Not that the sleuth reporters will miss much breaking news in the Great Hall of the Wanchai tomorrow.
Some Handover 25th Anniversary Long Weekend links…
Bloomberg on growing business uncertainty in Hong Kong…
In private conversations with diplomats, [Carrie] Lam has said she doesn’t have the power to eliminate quarantine even though she personally wants to open up to international travel, according to a person familiar with the situation. In an interview with Bloomberg this month, Lam acknowledged that Hong Kong’s quarantine policy “weakens our position as an international city” without saying when or how it might change.
…At the time the security law was unveiled, Hong Kong officials said it was mainly targeted at a few activists and said the stability it brought would reassure the business community. Yet the pandemic has shown the erosion of autonomy in the wake of the protests has affected almost every aspect of policy making in the city.
Unflattering juxtapositions of photos of Hong Kong when the Queen visited and Hong Kong when Xi visits today: here, here and here.
The latest update from the HK Democracy Council…
Hong Kong now has one of fastest-growing populations of political prisoners in the world, rivaling Belarus, Burma, and Cuba…
An RFA interview with Chris Patten…
The fact that the independence movement has grown in Hong Kong is an indication of how badly China has behaved and how little people actually trust China today. It’s an extraordinary thing that so few people are actually proud of Hong Kong being part of China now. There’s a great sense of Hong Kong citizenship, and there’s a great sense that people are Hong Kongers but only a small number think of themselves as Chinese.
Phrase-Coining of the Week Award goes to George Magnus, commenting on an FT report on superior job opportunities enjoyed in China by graduates in Marxist theory: ‘Nothing to lose but their brains’. The story…

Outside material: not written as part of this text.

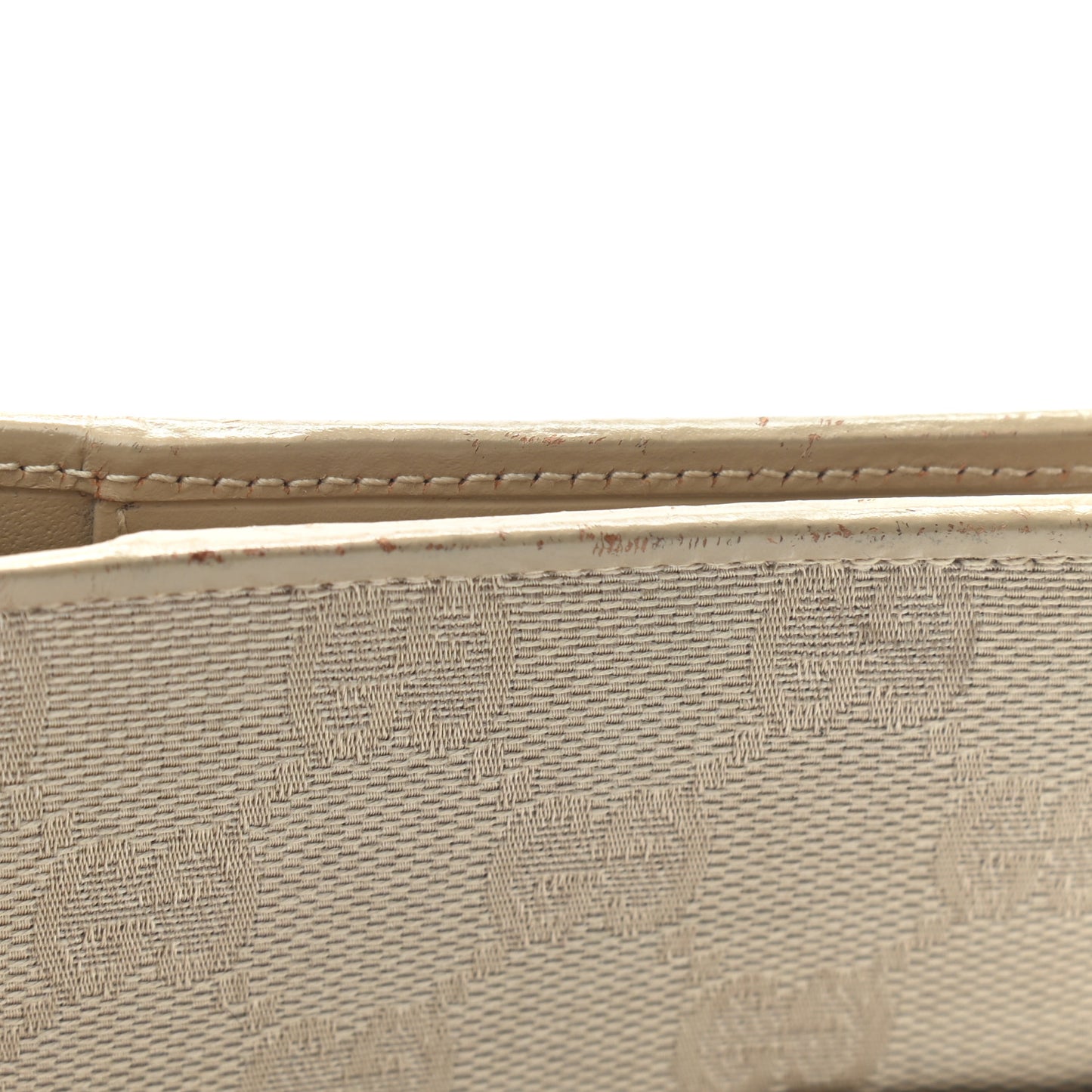 Monogram Small Ring Agenda Beige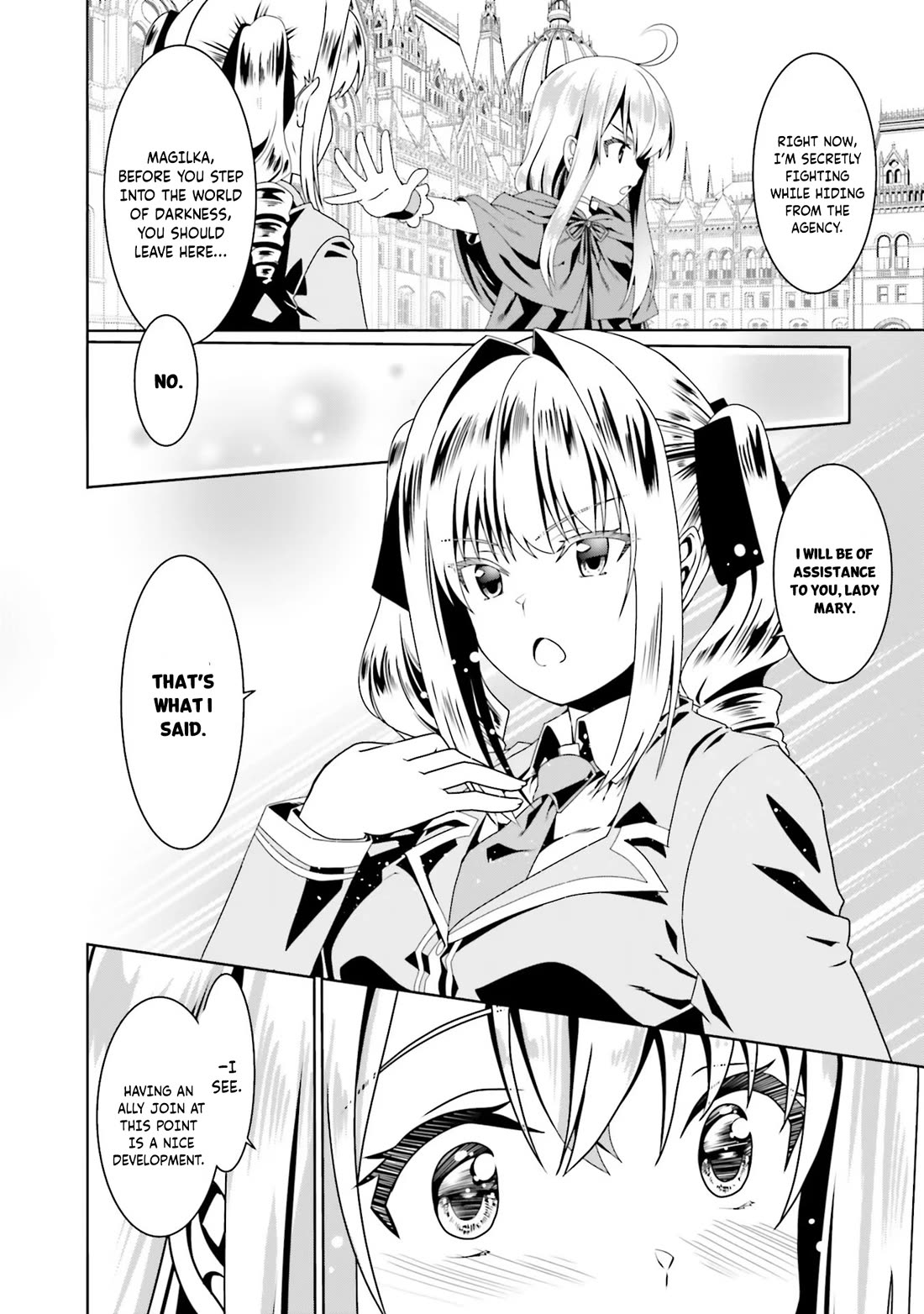 Douyara Watashi No Karada Wa Kanzen Muteki No You Desu Ne Chapter 50 page 25 - Chapter 50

“The purpose of the major is to train thought police to brainwash the entire population,” said Ming Xia, a political-science professor at the City University of New York. Chinese universities offering Marxism degrees inculcate students in the philosophy developed by Karl Marx as interpreted by Xi and his revolutionary idol, Mao Zedong. A curriculum for a three-year masters program in Marxism at a university in central Henan province includes a module on the “principle and methods of thought education” and 18 hours of study of Xi’s speeches on education.

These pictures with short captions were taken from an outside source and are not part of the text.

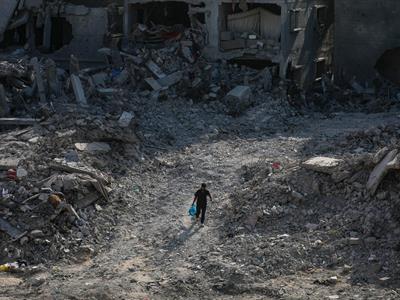 Gaza: 2 muertos y 12 heridos, entre ellos 5 niños en ataque israelí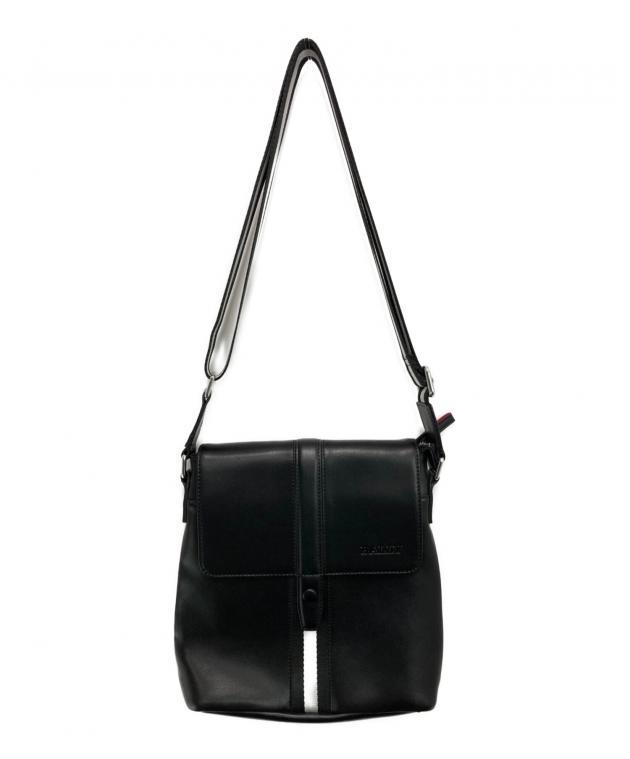 中古・古着通販】BALLY (バリー) ショルダーバッグ ブラック｜ブランド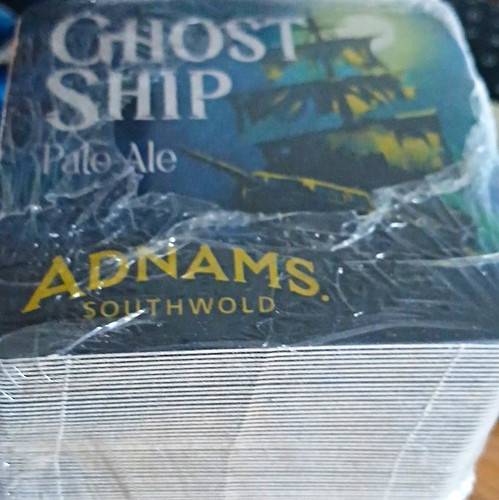 Pack adnams coasters - pack, of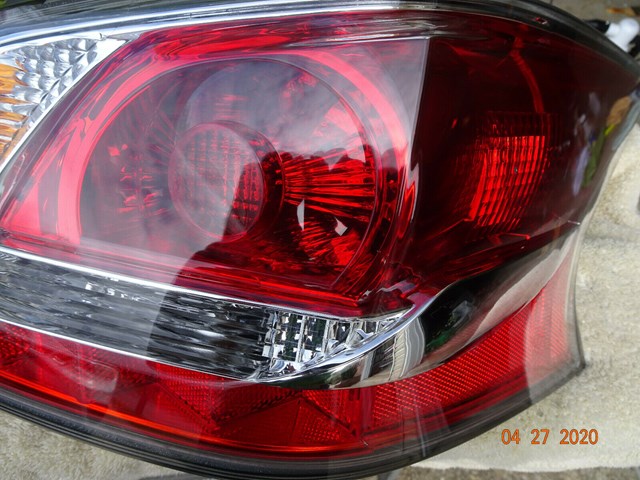 ALTIMA 2014 - 2015 TAILLIGHT PASSENGER SIDE DEPOT NEW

It is a selective interpretation of Marx…
Xi’s government has cracked down on young people who apply Marxist analysis too critically to abuses of labour…
How a Chinese fantasy novelist inserted fictional Russian history into Wikipedia…

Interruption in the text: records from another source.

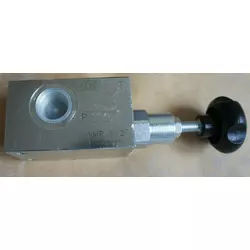 Клапан запобіжний трубного монтажу VMP 3/4" 80-300 BAR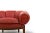 Red Danish Croissant Easy Chair by Illum Wikkelsø, 1950s For Sale - Image 8 of 13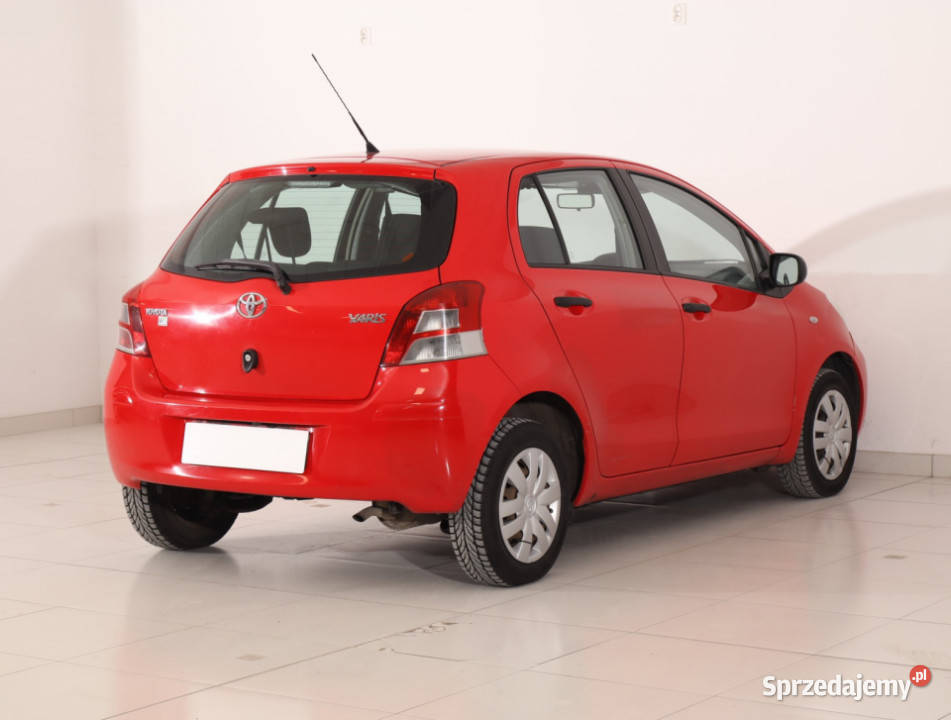 Toyota Yaris 10 VVTi 51KM Piaseczno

Over more than 10 years, the author wrote several million words of fake Russian history, creating 206 articles and contributing to hundreds more. She imagined richly detailed war stories and economic histories, and wove them into real events in language boring enough to fit seamlessly into the encyclopedia…
“Characters that don’t exist in the English-Russian Wiki appear in the Chinese Wiki, and these characters are mixed together with real historical figures so that there’s no telling the real from the fake. Even a lengthy Moscow-Tver war revolves around the non-existent Kashen silver mine.”